Exercise inputs
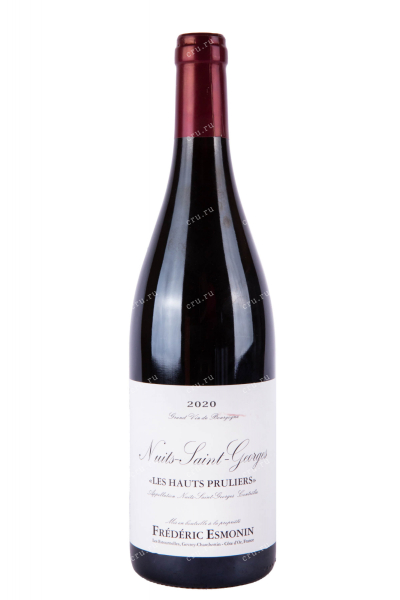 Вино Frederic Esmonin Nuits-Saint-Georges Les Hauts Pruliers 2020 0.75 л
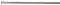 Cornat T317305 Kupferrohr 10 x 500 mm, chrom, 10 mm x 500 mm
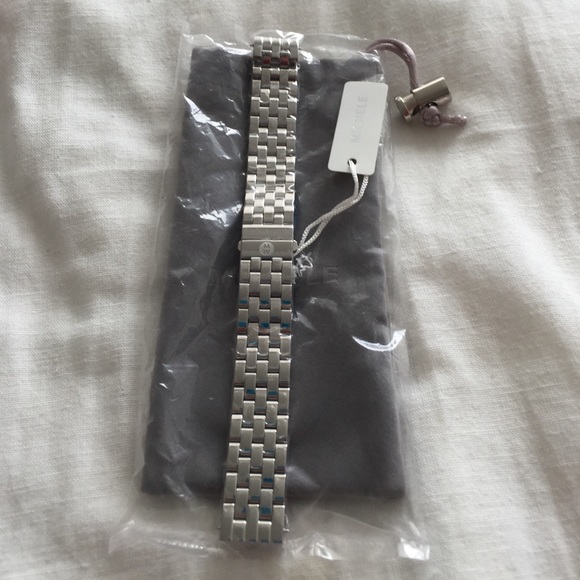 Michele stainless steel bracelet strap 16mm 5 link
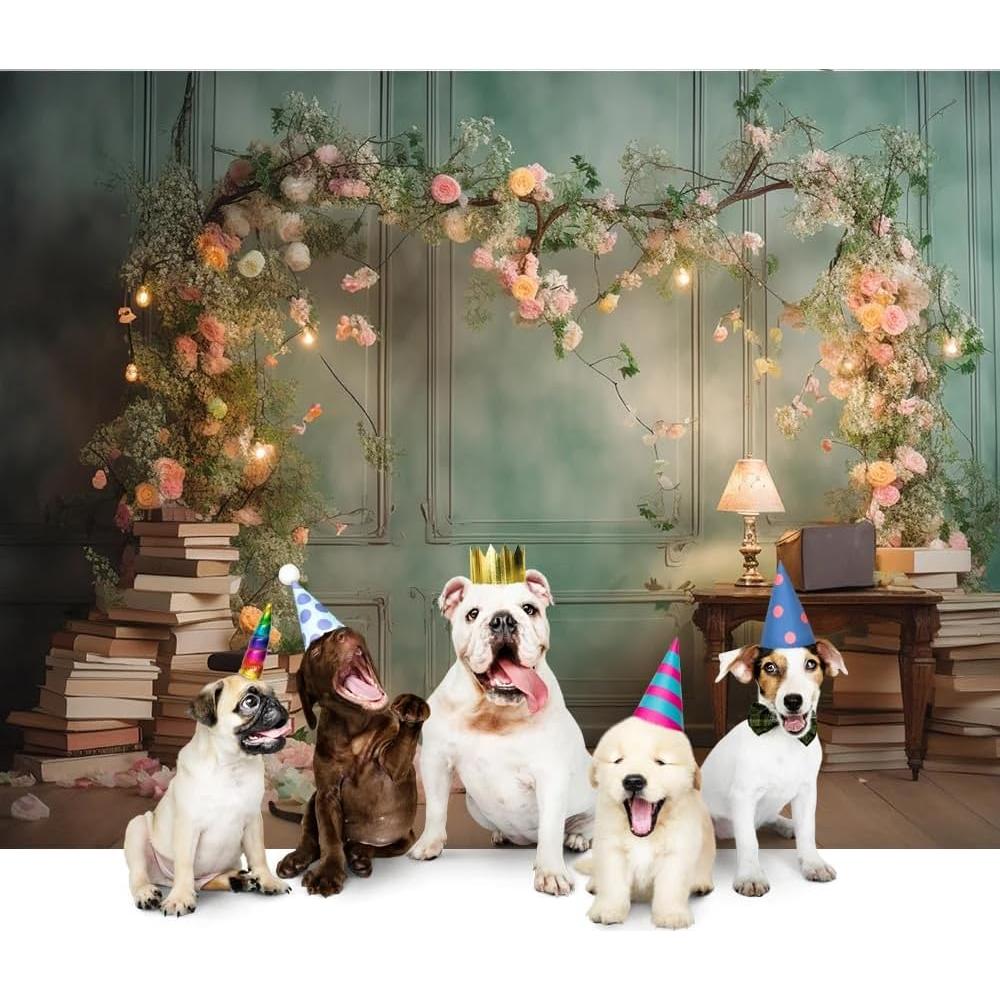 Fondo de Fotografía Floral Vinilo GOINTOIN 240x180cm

...

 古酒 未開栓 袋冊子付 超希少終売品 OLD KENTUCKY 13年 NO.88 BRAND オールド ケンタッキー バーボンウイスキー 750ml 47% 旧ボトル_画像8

...

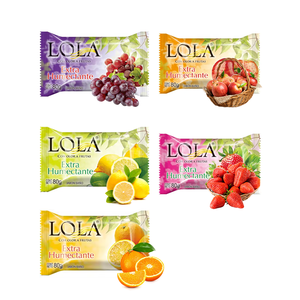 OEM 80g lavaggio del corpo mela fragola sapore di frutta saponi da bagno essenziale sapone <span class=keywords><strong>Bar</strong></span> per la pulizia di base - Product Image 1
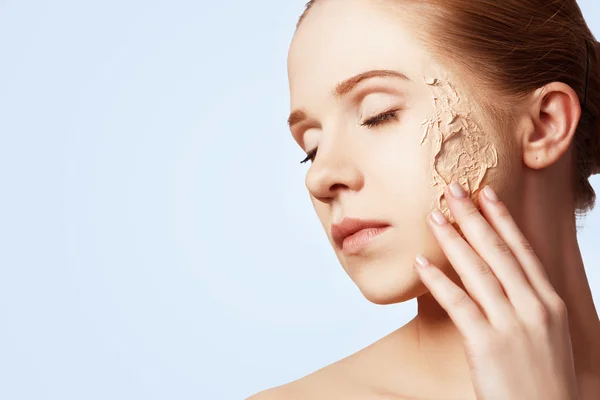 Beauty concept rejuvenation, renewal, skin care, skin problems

Required action
All lines above from the one containing "Вино Frederic Esmonin" up to and including the one containing "Fondo de Fotografía" are to be set down exactly, and nothing else. Leave images out.

Written reply
 Вино Frederic Esmonin Nuits-Saint-Georges Les Hauts Pruliers 2020 0.75 л
 Cornat T317305 Kupferrohr 10 x 500 mm, chrom, 10 mm x 500 mm
 Michele stainless steel bracelet strap 16mm 5 link
 Fondo de Fotografía Floral Vinilo GOINTOIN 240x180cm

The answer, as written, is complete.